Open this post in threaded view
|

Counting occurances of a letter by a factor

Davis, Brian
I'm trying to find a more elegant way of doing this.  What I'm trying to accomplish is to count the frequency of letters (major / minor alleles)  in  a string grouped by the factor levels in another column of my data frame.

Ex.
> DF<-data.frame(c("CC", "CC", NA, "CG", "GG", "GC"), c("L", "U", "L", "U", "L", NA))
> colnames(DF)<-c("X", "Y")
> DF
     X    Y
1   CC    L
2   CC    U
3 <NA>    L
4   CG    U
5   GG    L
6   GC <NA>

I have an ugly solution, which works if you know the factor levels of Y in advance.

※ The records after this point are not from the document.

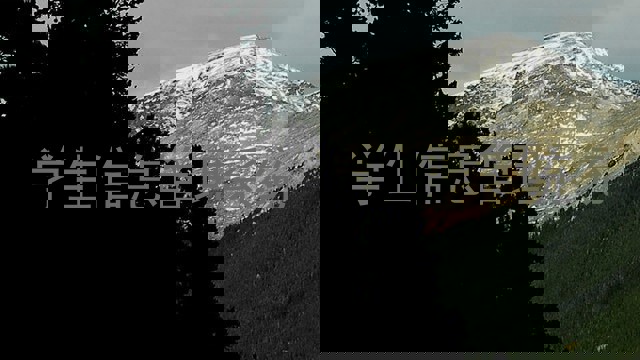 学生信息管理系统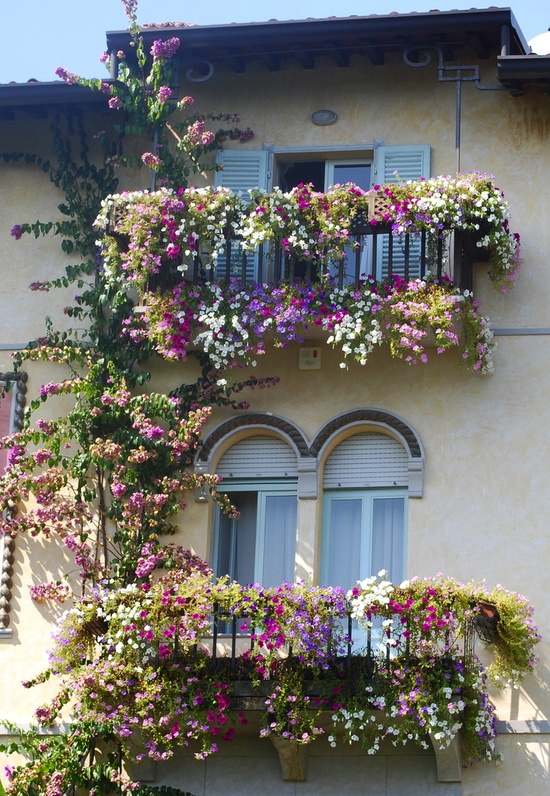 Plantas de varanda decoram grades brancas roxas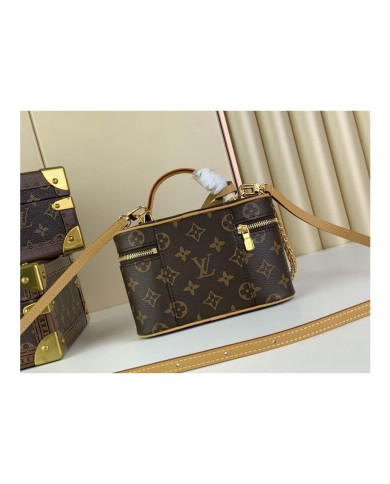 LV  Vanity  other bag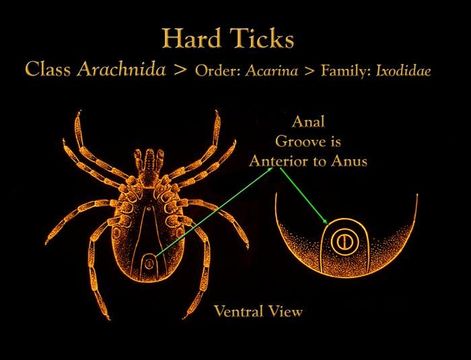 Image of Ixodes Latreille 1795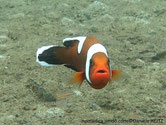 Poisson, couleur orange, orange foncé à noir, dos selle blanche, tête bandeau large blanc, queue marge blanche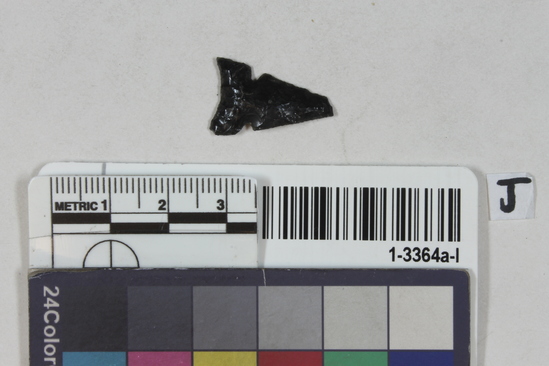 Hearst Museum object titled Projectile points, stone, and chips, accession number 1-3364a-l, described as Arrowpoints and small objects: a) Long bone arrowpoint with severed barbs; b) sharp bone point; c) flint point; d) flint point; e) flint point; f) obsidian point; g) obsidian point; h) slender stone; i) obsidian chop; j) obsidian point; k) obsidian point; l) obsidian chop.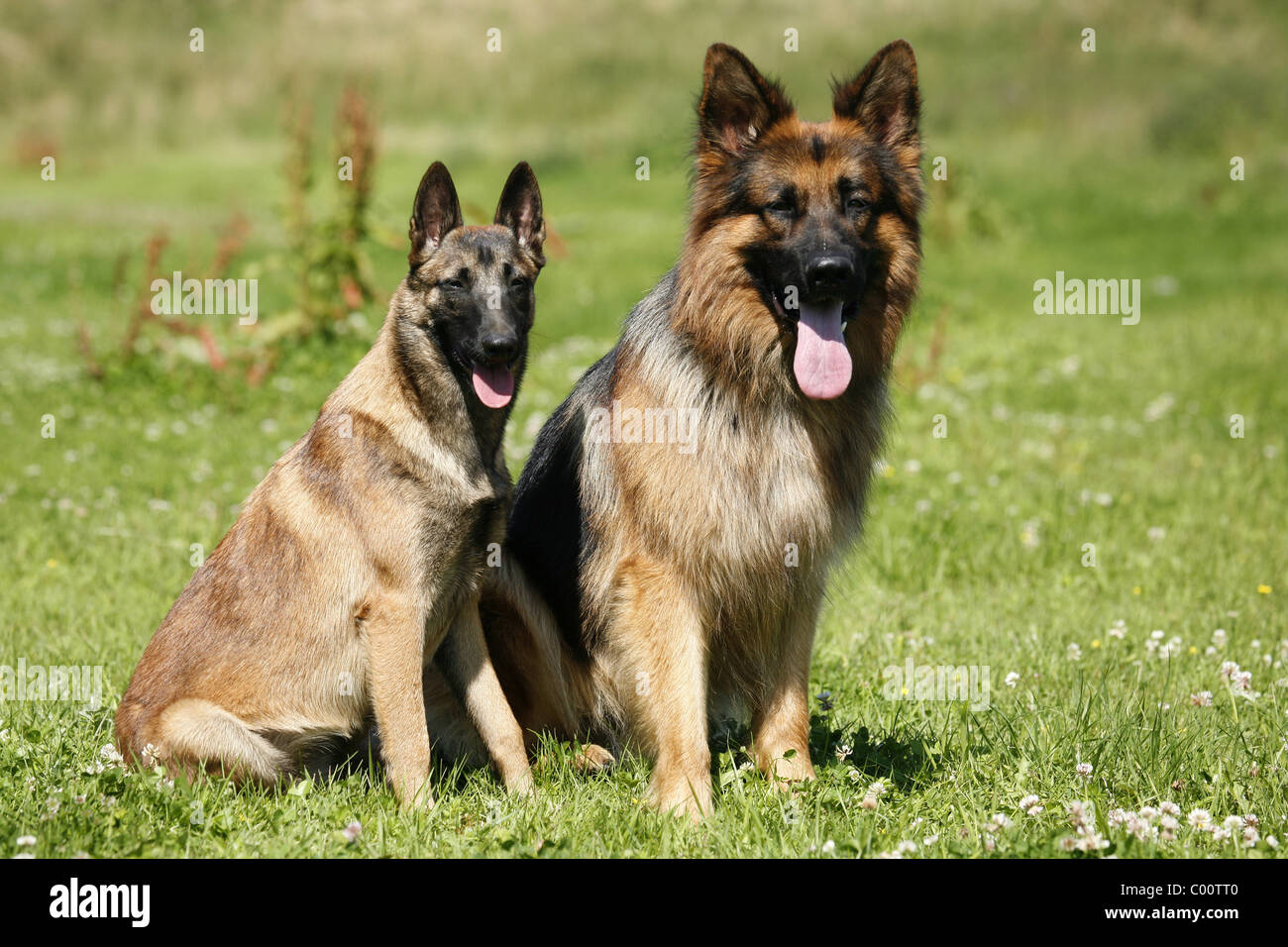Belgian shepherd hund hi-res stock photography and images - Alamy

> ans<-rbind(table(unlist(strsplit(as.character(DF[DF[ ,'Y'] == 'L', 1]), ""))),
+ table(unlist(strsplit(as.character(DF[DF[ ,'Y']  == 'U', 1]), ""))))
> rownames(ans)<-c("L", "U")
> ans
  C G
L 2 2
U 3 1


I've played with table, xtab, tabulate, aggregate, tapply, etc but haven't found a combination that gives a more general solution to this problem.

Any ideas?

Brian

______________________________________________
[hidden email] mailing list
https://stat.ethz.ch/mailman/listinfo/r-help
PLEASE do read the posting guide http://www.R-project.org/posting-guide.html
and provide commented, minimal, self-contained, reproducible code.
Reply | Threaded
Open this post in threaded view
|

Re: Counting occurances of a letter by a factor

Peng, C
try:

?ftable
Reply | Threaded
Open this post in threaded view
|

Re: Counting occurances of a letter by a factor

Darin A. England
In reply to this post by Davis, Brian
I fiddled around and found this solution, which is far from elegant,
but it doesn't require you to know the factor levels in advance.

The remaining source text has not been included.